I usually try to keep these posts focused on general issues faced by parents of autistic children, and to avoid getting too personal, but at this anniversary time, I thought I would make an exception and give a very personal perspective on the past year.  Within it can be found the genesis of The Transforming Autism Project.

In fact, it is only from a very personal perspective that this is anything like an anniversary at all.  For me, the story of the Transforming Autism Project began long before it was conceived of as any sort of project – before it even so much as had a name – back on 14th January 2016.

I was at work, sitting in one of those generally purposeless and depressing meetings that I had grown used to, with a colleague who felt the same.  We ended up talking instead about my son and about our journey of discarding the medics’ prognosis of a life of severe disability, and finding a different course that would give him the possibility of leading a fulfilling life.
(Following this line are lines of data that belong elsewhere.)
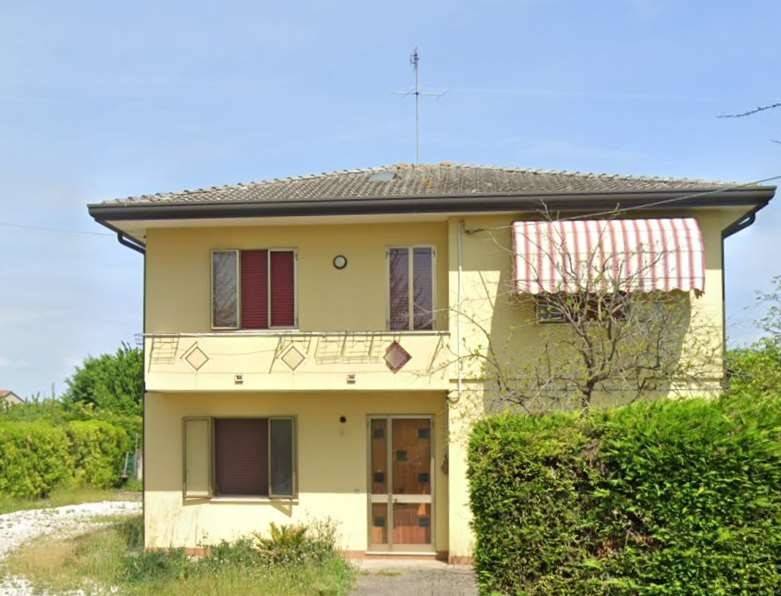 casa indipendente in vendita ad Arre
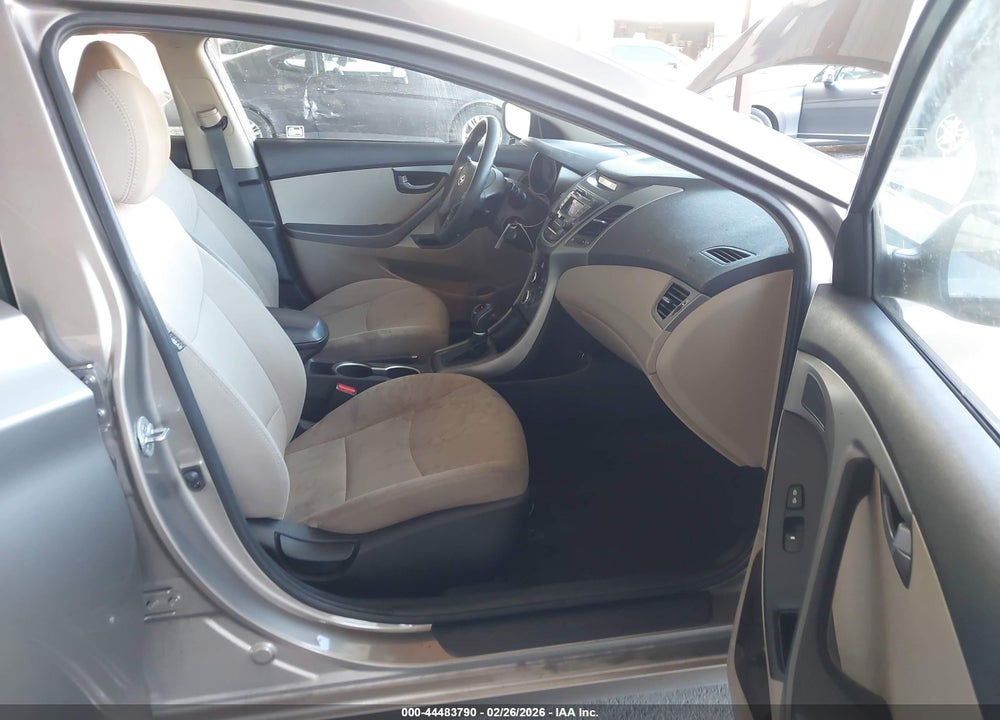 2016 HYUNDAI ELANTRA SE VIN: 5NPDH4AE9GH664287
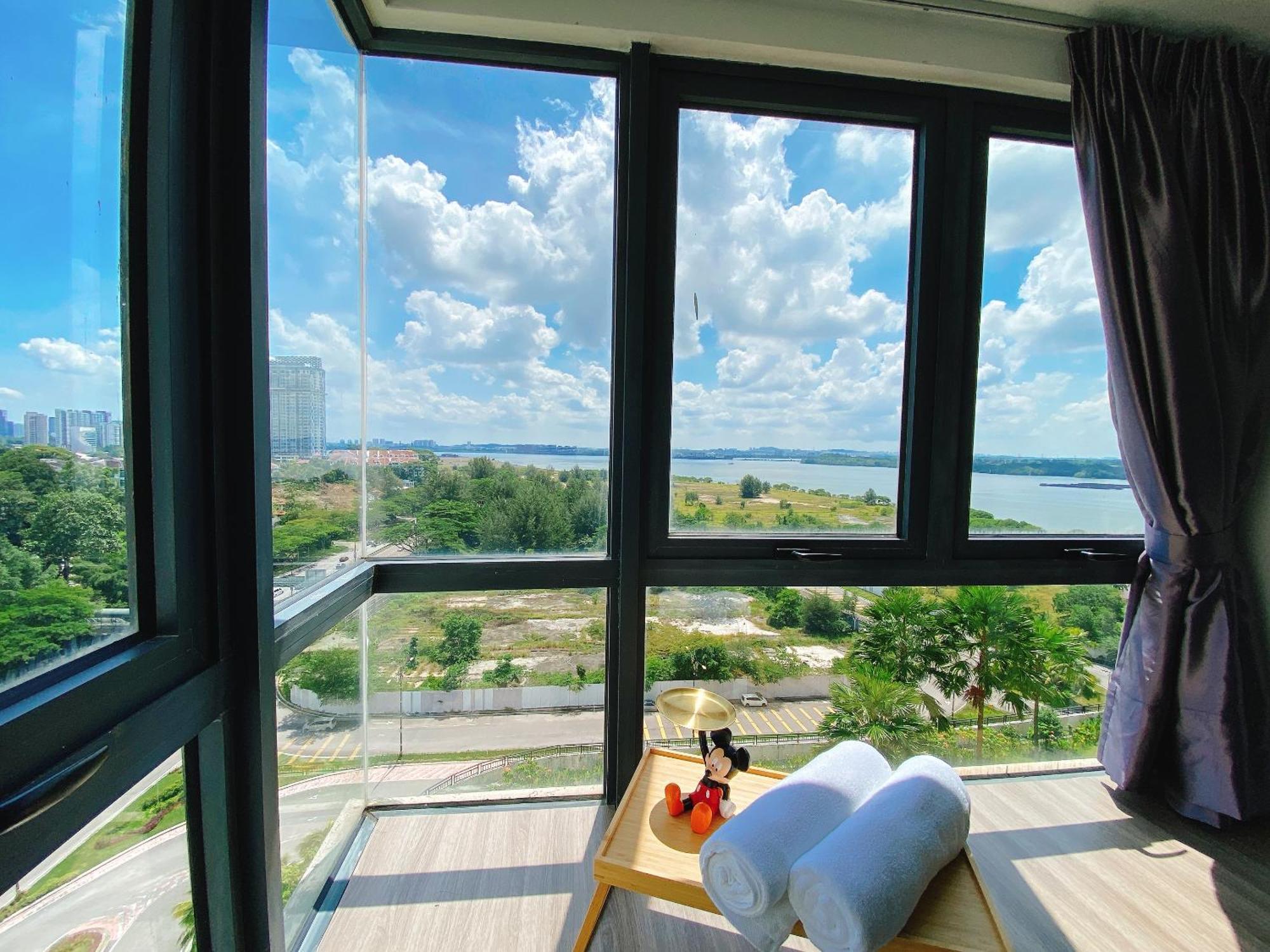 Апартаменти Scenic Country Garden Danga Bay By Lions Bay Джохор-Бару Номер фото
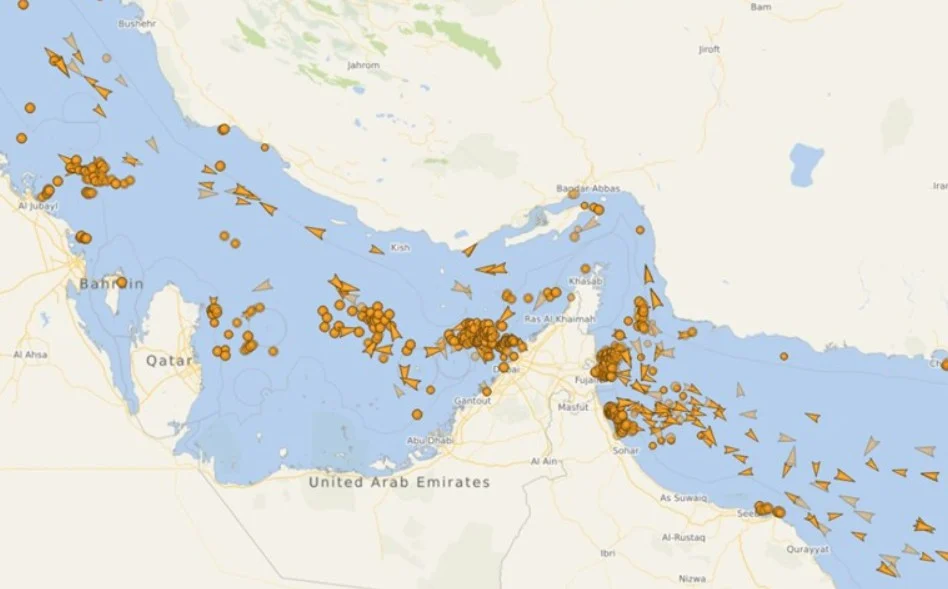 Ирански медиуми: Ирански супертанкер помина низ Ормускиот теснец без никакво криење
She told me that I should write a book about it.  I very quickly put that idea to bed.  I explained to her that I couldn’t write a book because I didn’t have enough of a clear memory of each step in the process to produce anything coherent.  Anyway, we were still in the middle of our journey – he was only 6 and we had many years to go – I might think of writing an article or something perhaps 10 years down the line when the final outcome was clearer.  And anyway, on a practical level, I didn’t have the time even to read a book, let alone write one.  It was a totally impractical suggestion.

I had thoroughly dealt with that idea – at least for a few hours: later that evening, sitting at the computer, I was surprised to find myself involuntarily tapping out an introduction to the book, not really understanding what I was doing or why.  It took on a life of its own after that – the words just kept coming.  Before work in the mornings and after work in the evenings, when I’d previously not had the time or energy to do anything, more and more of the book started to come out, until within about 6 weeks, I had nearly 50,000 words.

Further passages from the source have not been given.